Con diez años de edad sabía que sería maestro. Mis padres me predestinaron a tan sublime profesión desde mi nacimiento. Para mi familia, ser médico o maestro era lo máximo de las categorías sociales desde el punto de vista de la sabiduría. Como la medicina no estaba al alcance de las posibilidades económicas familiares, la segunda opción estaba más que decidida.
En las Escuelas Profesionales de la Sagrada Familia de Úbeda recibí una formación autoritaria como correspondía a la época, y mucho más en un colegio religioso; pero también, impregnada de sensibilidad social con un sentido crítico por las situaciones de marginación y pobreza que nunca han dejado de inquietarme.
Los recuerdos de mi adolescencia en el internado de Úbeda son contradictorios. De aquella isla de hospitalidad, como la describe Michel del Castillo en su novela Tanguy, guardo las mejores sensaciones; pero también aparecen en mi memoria algunas sombras, consecuencia de un sistema que fundamentaba el rendimiento del trabajo en el miedo al fracaso, el autoritarismo, el temor a la expulsión inmediata por incumplir las normas, la disciplina de cuartel…, que generaron en mí una preocupante inseguridad.
En siete años de internado adquirí una básica formación desde el punto de vista cultural. En lo religioso, pasé de firme creyente al escepticismo y a la duda permanente. Sin embargo, las inquietudes que en mí sembraron fueron determinantes en el deseo permanente de renovación.

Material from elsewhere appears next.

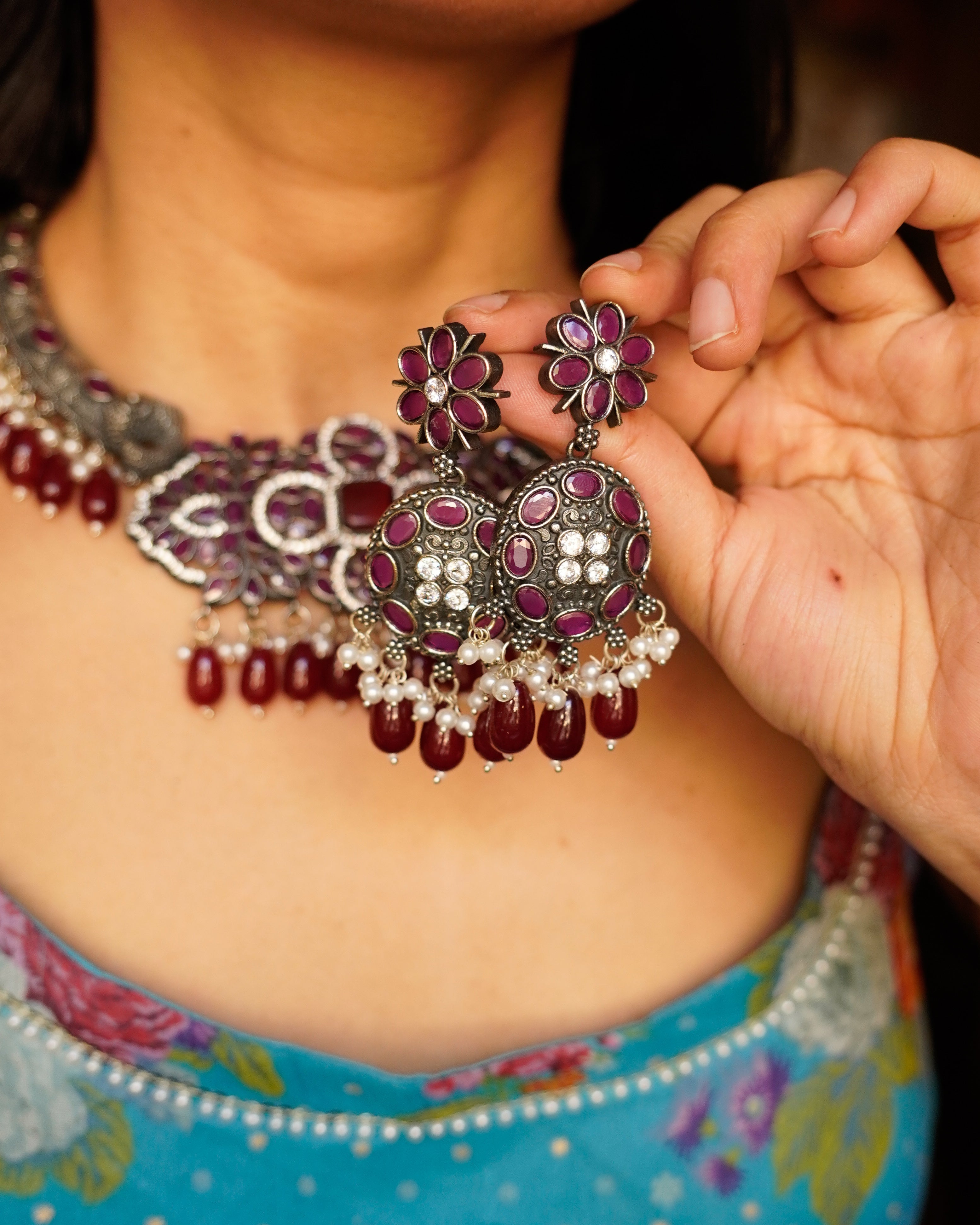 Anassa -Maroon Stone Moti Flower Necklace Set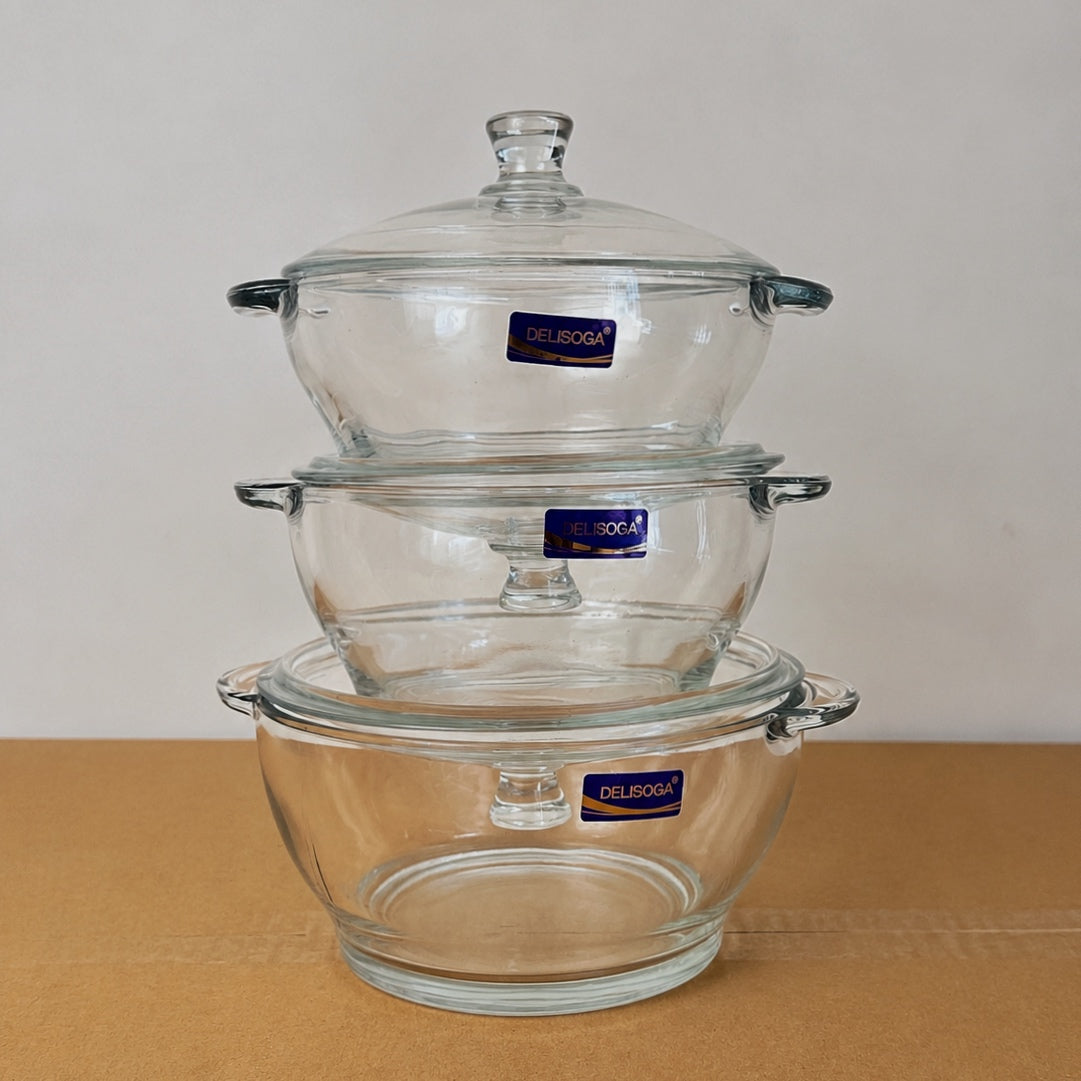 Delisoga Glassware 3 Pcs Glass Bowls and casserole Set with Glass Lids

Aquellos profesores no sabían de estrategias de construcción del conocimiento, de cultura de la diversidad, de dinámica de grupos, de autonomía moral…; pero su sentido de la responsabilidad y la exigencia en la superación me influyeron profundamente.
Mi primera experiencia como maestro, tan lejana en el tiempo y tan próxima en el recuerdo, fue en el curso 1967-68, en El Puerto de Santa María. Tenía dieciocho años y una idealizada vocación fomentada tanto en el seno familiar como en el colegio de Úbeda. Quince años en la enseñanza privada (Écija, Linares, Cádiz y Málaga) me crearon interrogantes, cuyas respuestas me distanciaban de los fundamentos ideológicos de las instituciones para las que trabajaba. ¿Por qué la organización de los centros se hacía con criterios personalistas? ¿Había libertad de expresión en los claustros? ¿Los criterios de admisión de alumnos eran justos? ¿Por qué el sistema educativo favorecía la separación de clases sociales? ¿Por qué se permitía la segregación en la enseñanza privada? ¿Por qué, la educación como negocio…?
Con treinta y cuatro años abandoné la enseñanza privada y continué en la pública, que me parecía más integradora y democrática. Después de un período de reflexión y crisis, seguí trabajando por un modelo de escuela activa, participativa, cooperativa… Lugar de encuentro, donde disfrutamos cada día descubriendo nuevas formas de aprender; donde la construcción del conocimiento prima a su reproducción; y donde se hace realidad aquel pensamiento de Giner de los Ríos referente al profesorado de Universidad, pero que es igualmente aplicable a cualquier otro nivel educativo:
«Sustituid en torno del profesor a todos esos elementos clásicos por un circulo poco numeroso de escolares activos que piensan, que hablan, que discuten, que se mueven, que están vivos, en suma, y cuya fantasía se ennoblece con la idea de una colaboración en la obra del maestro… Hacedles medir, pesar, crear…, que interpreten los textos, que inventen, que descubran, que adivinen nuevas formas… Y entonces la cátedra (escuela) es un taller y el maestro un guía de trabajo, los discípulos una familia…».